> _DIRECTIONS_: Below are the entries; transcribe them exactly and drop every picture.

> _RECORDS TO PROCESS_:

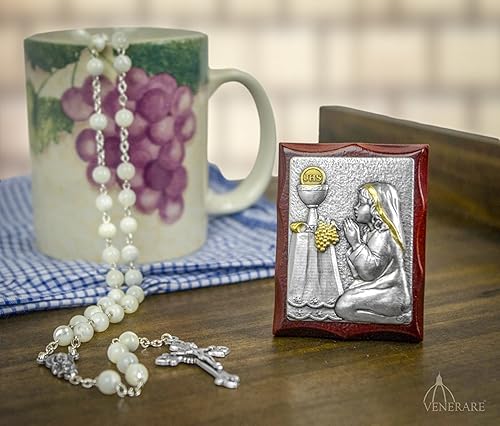 Miniatura 3 de Placa de recuerdo de la primera comunión tallada a mano (niña)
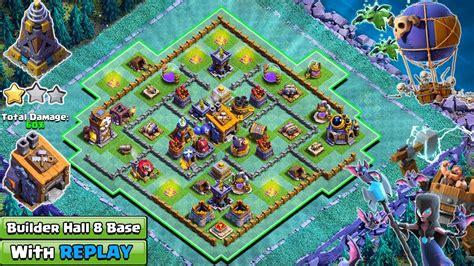 Best Builder Hall 8 Base Layout With Replay 2018 New Bh8 Base Design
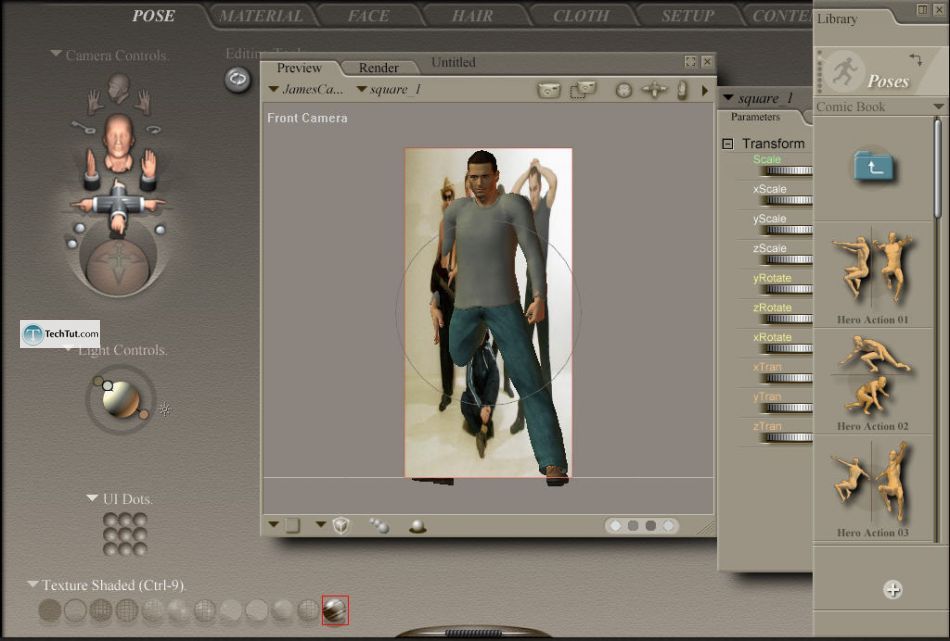 Adding poses from library and making pose from photos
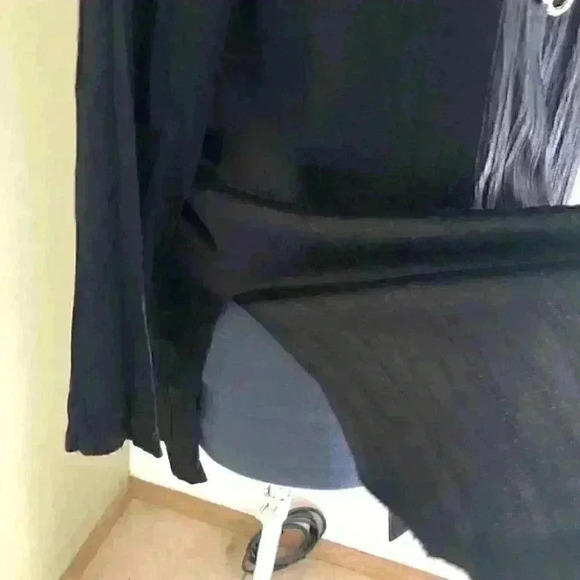 VTG ACW DESIGN Black Asian inspired tunic with frog clasps Long Sleeve Large - Picture 5 of 5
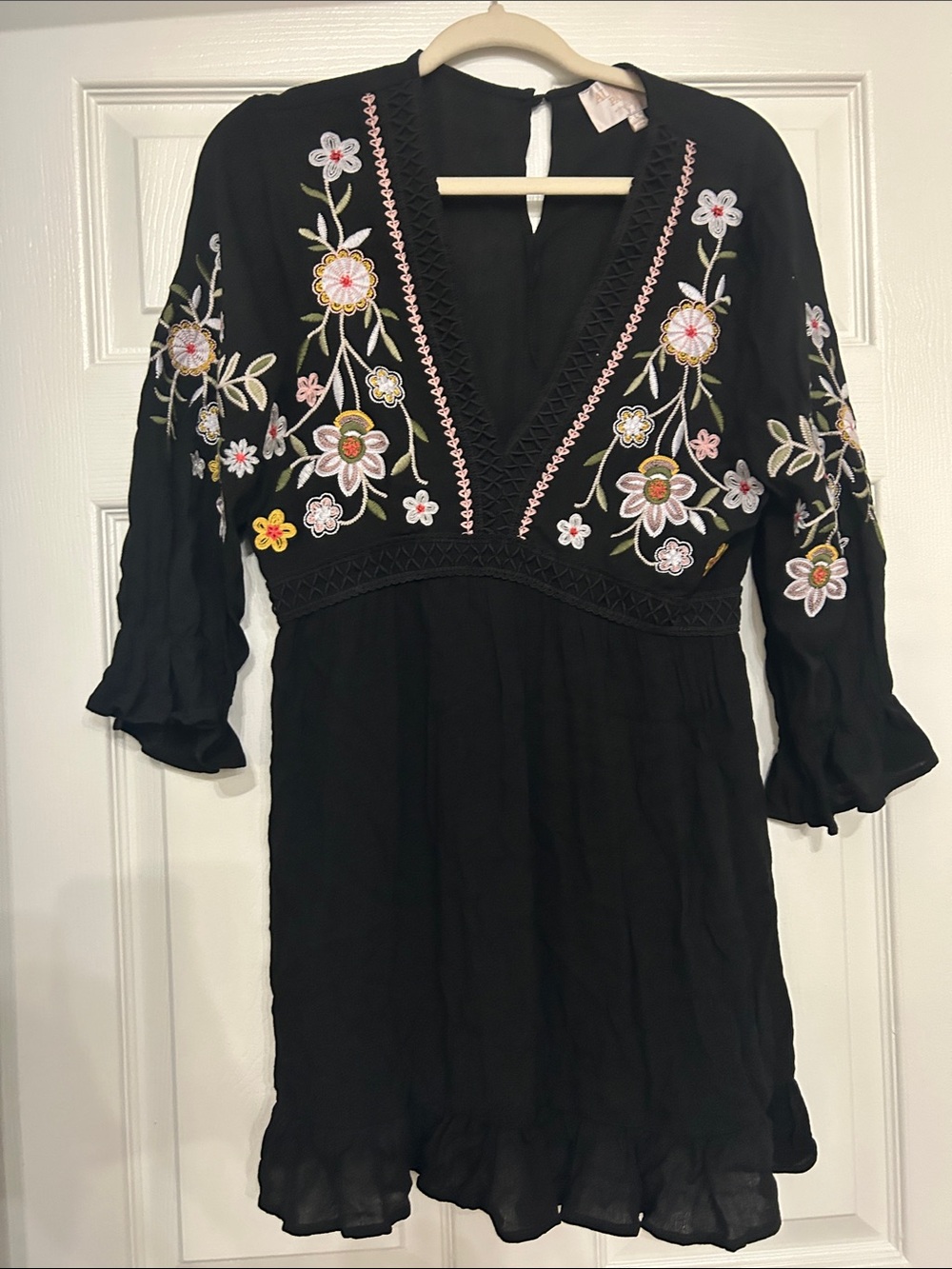 Francesca's Collections Black Floral Embroidered Mini Dress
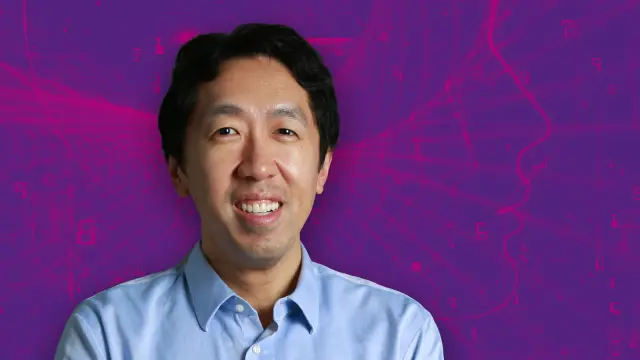 Andrew Ng against a purple background.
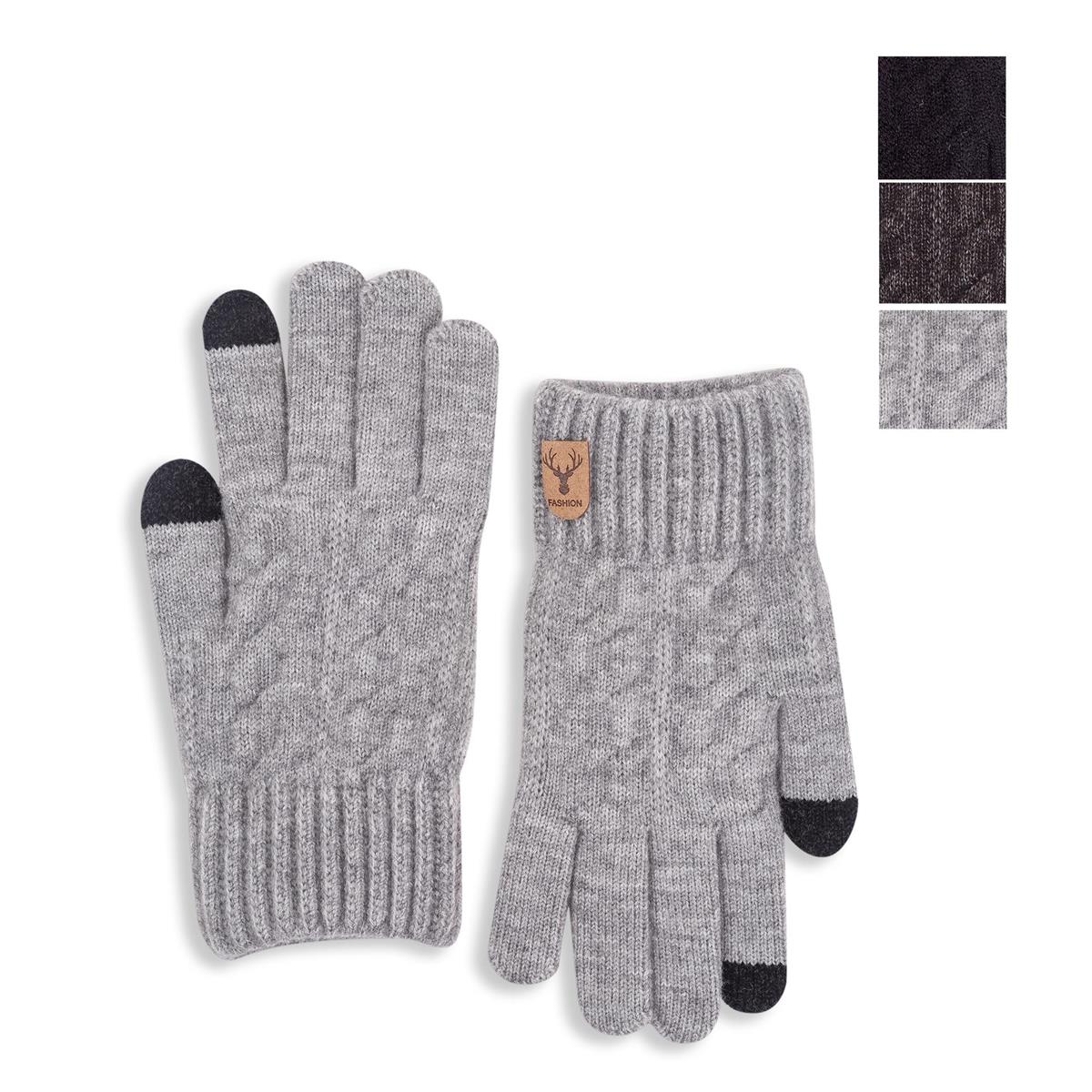 Nordic T. Cable Knit Glove w Touch, 3 asst,j-hook w ht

> _YOUR SOLUTION_:
 Miniatura 3 de Placa de recuerdo de la primera comunión tallada a mano (niña)
 Best Builder Hall 8 Base Layout With Replay 2018 New Bh8 Base Design
 Adding poses from library and making pose from photos
 VTG ACW DESIGN Black Asian inspired tunic with frog clasps Long Sleeve Large - Picture 5 of 5
 Francesca's Collections Black Floral Embroidered Mini Dress
 Andrew Ng against a purple background.
 Nordic T. Cable Knit Glove w Touch, 3 asst,j-hook w ht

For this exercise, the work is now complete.